O estado de São Paulo registrou o maior número de feminicídios em um primeiro trimestre desde o início da série histórica, em 2018. Foram 86 casos entre janeiro e março — alta de 41% em relação ao mesmo período de 2025, quando houve 61 registros.
A violência letal contra mulheres também bateu recorde no recorte mensal. Segundo dados da própria Secretaria da Segurança Pública (SSP), março de 2026 foi o mês com mais feminicídios já registrado na série iniciada em 2018, com 30 casos. O número representa um aumento de 58% na comparação com março do ano passado.
Na capital paulista, o primeiro trimestre de 2026 repetiu o patamar do ano anterior, com 17 casos. Ainda assim, a cidade também registrou, em março, o maior número de feminicídios da série histórica para o mês, com 6 ocorrências.

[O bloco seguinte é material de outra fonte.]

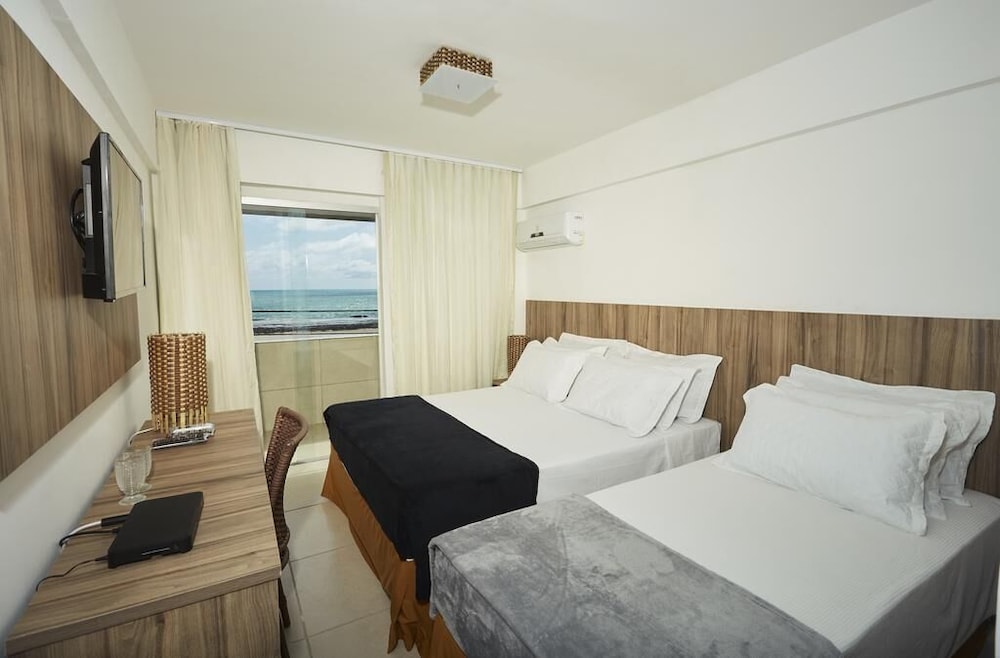 Brisa do Mar Beach Hotel 8/50
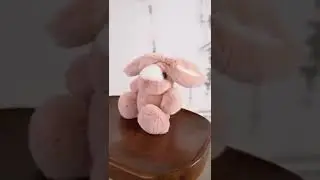 Мягкая игрушка заяц из меха кролика рекс персикового цвета с голубыми глазами Holich
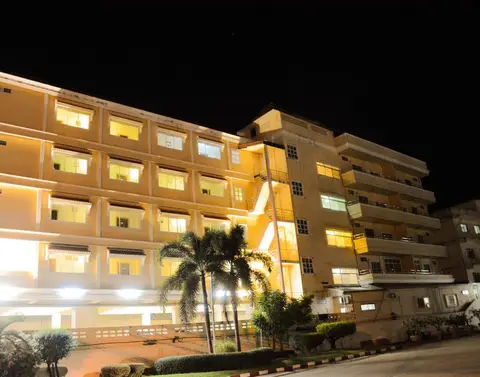 Submukdaphoomplace Hotel — фото 1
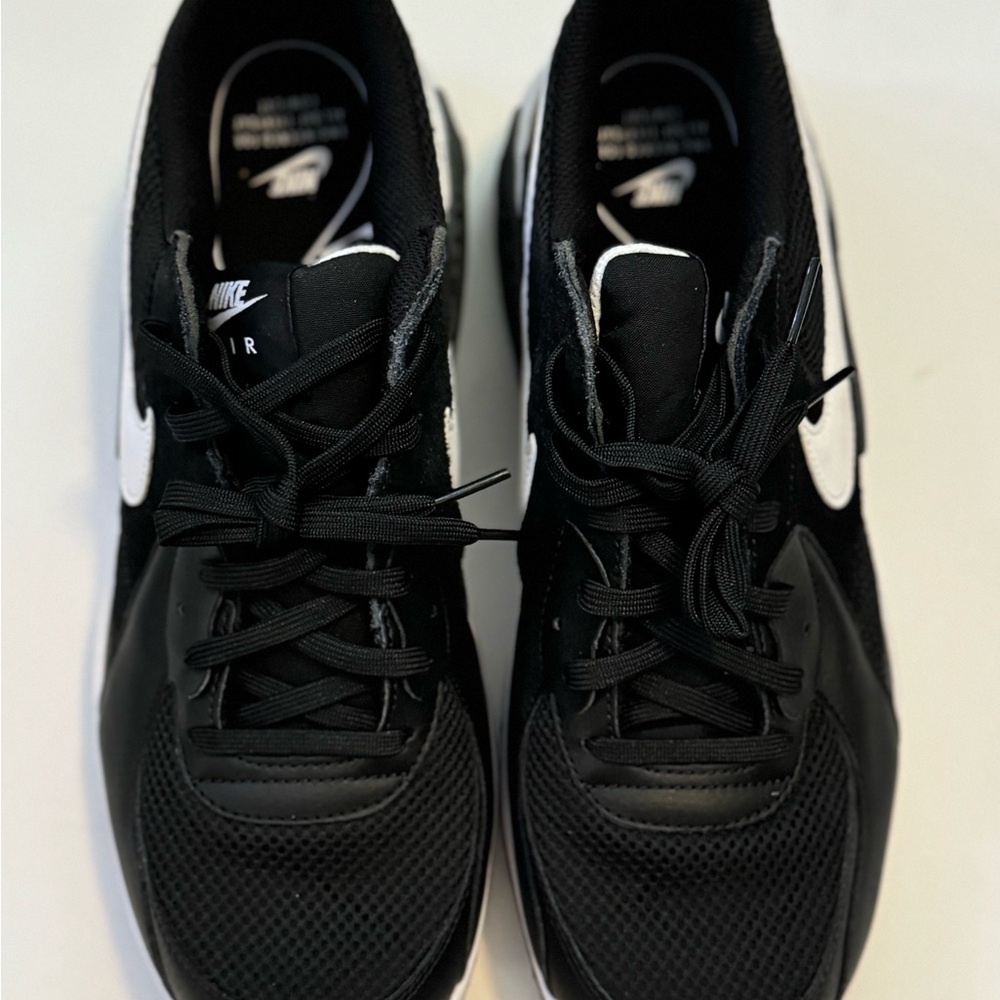 Nike Air Max Excee sz 9.5 men’s 11 women’s NEW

Entre os casos de repercussão nos primeiros três meses do ano está a morte da soldado Gisele Alves Santana, de 32 anos, ocorrida em 18 de fevereiro, no Brás, na região central de São Paulo. O marido da policial, o tenente-coronel Geraldo Leite Rosa Neto, 53 anos, foi denunciado pelo crime pelo Ministério Público de São Paulo (MPSP), virou réu e será julgado pela Justiça comum.
Agressões
O avanço da violência contra mulheres também aparece nos dados de lesão corporal dolosa — agressões físicas com intenção de ferir. De janeiro a março, foram 19.249 ocorrências, alta de 7,4% em relação ao mesmo período de 2025. Trata-se do maior número para um primeiro trimestre, ao menos desde 2018.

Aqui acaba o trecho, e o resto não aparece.